** DATA BELOW **
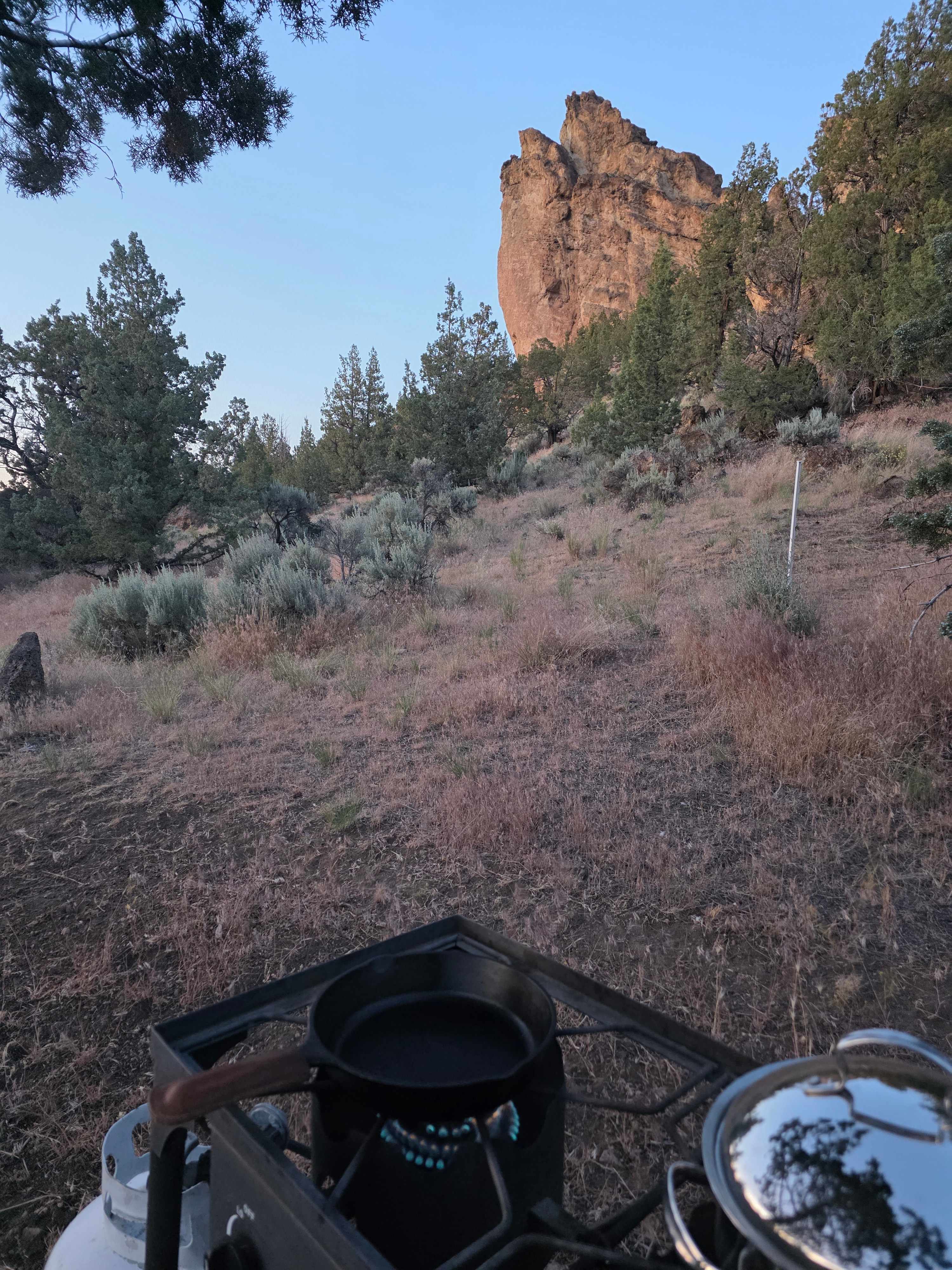 Big Rock Ranch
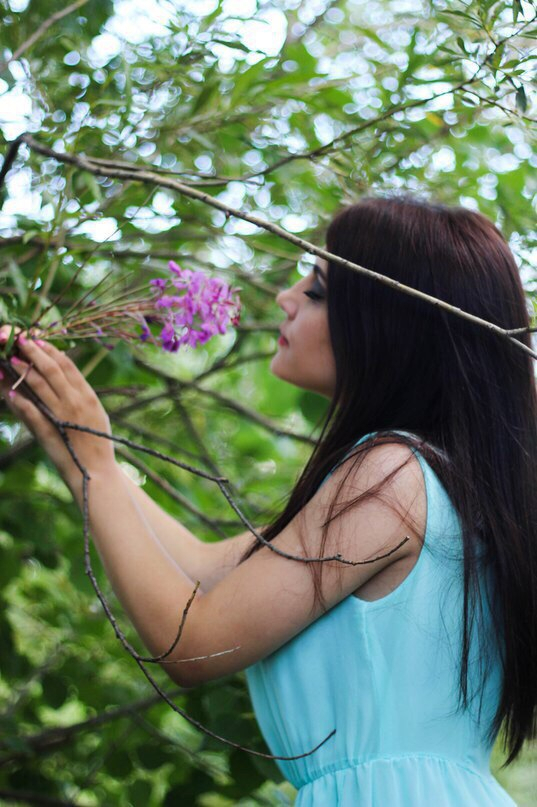 Стали известны имена победительниц конкурса «Мисс Весна»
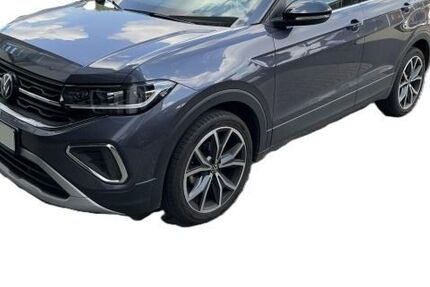 VW T-Cross 36.522 km 22.980 &euro; Dresden 01169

** WHAT THE TASK ASKS **
Print the material exactly as given, but not the pictures.

** PROBLEM SOLUTION **
 Big Rock Ranch
 Стали известны имена победительниц конкурса «Мисс Весна»
 VW T-Cross 36.522 km 22.980 &euro; Dresden 01169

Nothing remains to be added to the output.